Я выбросила недокуренную сигарету и дошла до воды, плескавшейся о деревянный причал. Присела на корточки, безжалостно пачкая светлый подол платья и прополоскала кольцо в пруду. Протерла пучком травы и надела на безымянный палец на левой руке, единственный, на который оно налезло и с которого не сваливалось.
И вернулась к своим.
Кольцо туго обнимало палец, напоминая о себе, пока я смотрела, как Ник целует свою Айлу и думала — а зато… Зато… Зато у меня тоже есть жених. Видишь, Ник? Видишь кольцо? Это мне жених подарил!
Я заказала коктейль с виски, но пить его не хотелось. Так и стоял высокий бокал, и льдинки в нем неумолимо таяли. Ник все шептал что-то на ушко той, кто была не мной, шептал, и по лицу ее расползалась счастливая и чуть смущенная улыбка.
Иногда так хочется умереть. Деться куда-то из этой реальности, в которой все плохо, плохо, плохо, невыносимо! Не сколько перестать существовать, сколько перестать испытывать боль. Пусть оно прекратит болеть! А если нельзя, то пусть прекращусь я.
Но «теперь не умирают от любви» и вместо вечной пустоты мир мог предложить мне только тяжелое забвение алкоголя да половину пузырька успокоительных капель, найденных в глубине холодильника. Они никак не спасали от черной тоски, но погружали в сон после долгого дня, который должен был быть самым счастливым, а стал…
…тянулась как горячий гудрон. Темнота обволакивала, прятала цвета, прятала формы, играла тенями, до неузнаваемости меняя силуэты реальности. Какой реальности? Я не понимала, где я. Пахло ночью и свежей землей, по коже скользил теплый ветерок. Небо над головой колыхалось словно живое, и в прорехи туч то и дело проливались лунные блики. Они высвечивали то глянцевую темно-зеленую поверхность резных листьев, то яркие, будто пластмассовые ягоды, то покрытую мхом поверхность серого камня с выбитыми на нем именами и цифрами.
Кладбищенские дорожки убегали из-под ног, сталкивая меня на траву у могил, на неровную, проваленную землю, в которой я увязала босыми ногами, а остролист резал пальцы, если я пыталась ухватиться хоть за что-нибудь.

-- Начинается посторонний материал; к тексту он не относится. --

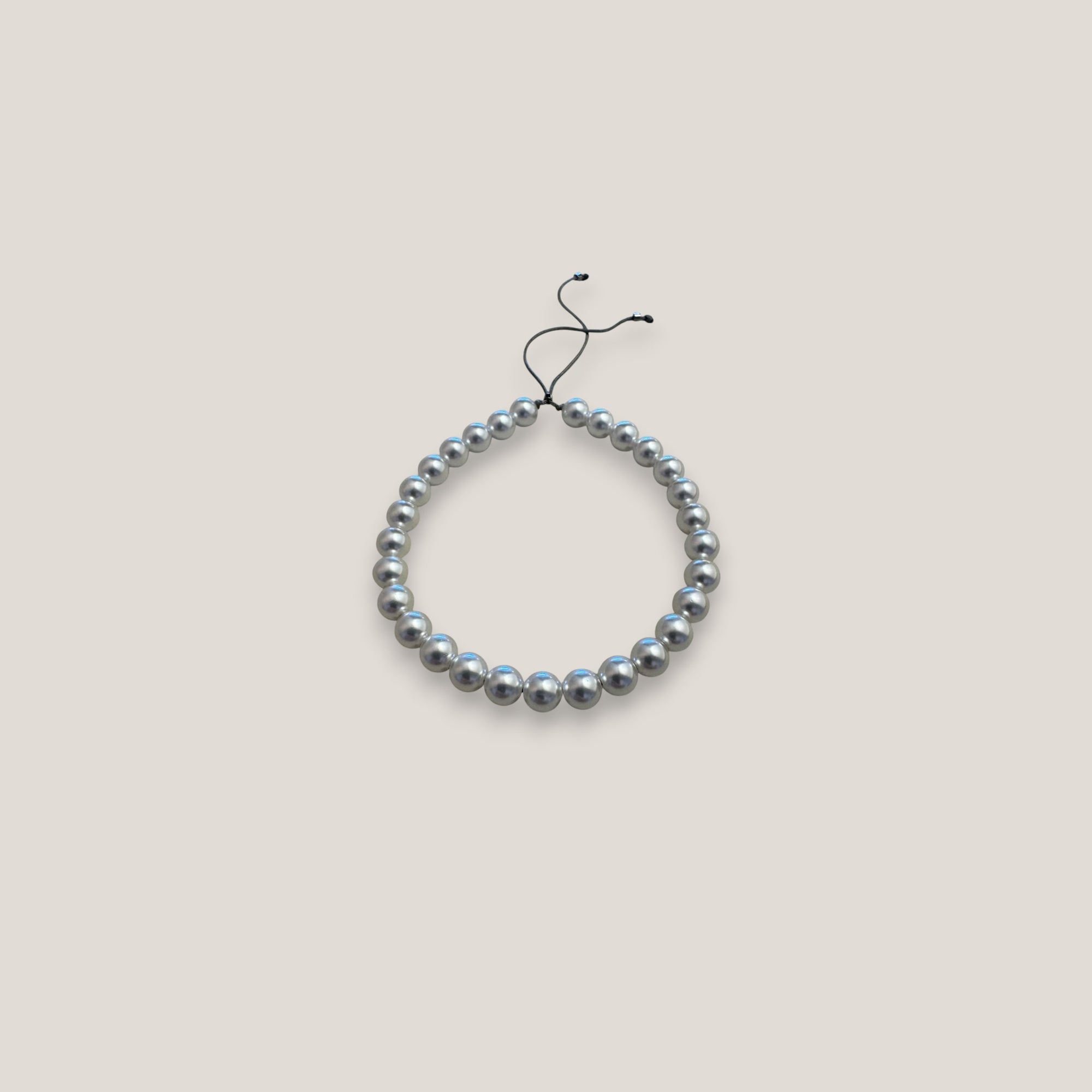 Pulsera base 6mm perlas de cristal nacarado blanco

Он соткался из теней, сам как набор изломанных форм без четких границ. Стоило сосредоточиться и осознать, что острый угол — его локоть, как вдруг оказывалось, что это край скособоченной плиты, и лунный плеск высвечивал годы жизни — сто лет назад, сто пятьдесят лет назад, совсем юное кладбище, не познавшее чумы.
Я стояла на холодной гладкой плитке, не осмеливаясь шагнуть ни в одну из сторон — везде меня подстерегали опасности. Но он протянул руку, длинные пальцы обвились вокруг моего запястья, и я вдруг оказалась на холме рядом с высоким мрачным зданием склепа. В тусклом, спрятанном под вуалью облаков лунном свете, видно было расстилающееся под нами кладбище с перекошенными кельтскими крестами и зарослями остролиста меж могил.

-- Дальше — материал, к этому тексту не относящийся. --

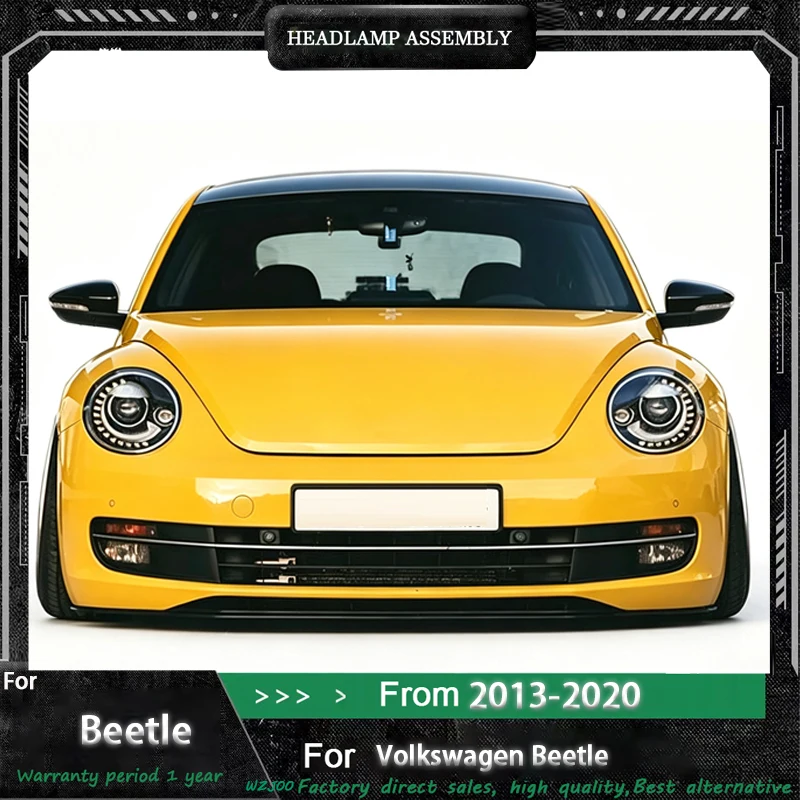 For VW Beetle 2013-2021 Car Front Lamps Assembly Upgrade High Configure Pearl Bead Style Auto LED Headlights Lens Accessories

— Ну, здравствуй, жена моя…
Его дыхание пахло медом и розмарином.
Он стоял слишком близко, но черты лица было не разобрать — тени метались и меняли мир вокруг до неузнаваемости.
— Поцелуешь?
— Кто ты?
Стоило мне спросить — и оказалось, что мою кисть обвивает побег дикого винограда, а не рука. Я брезгливо стряхнула его на землю — гибкая плеть зашипела и уползла вниз с холма.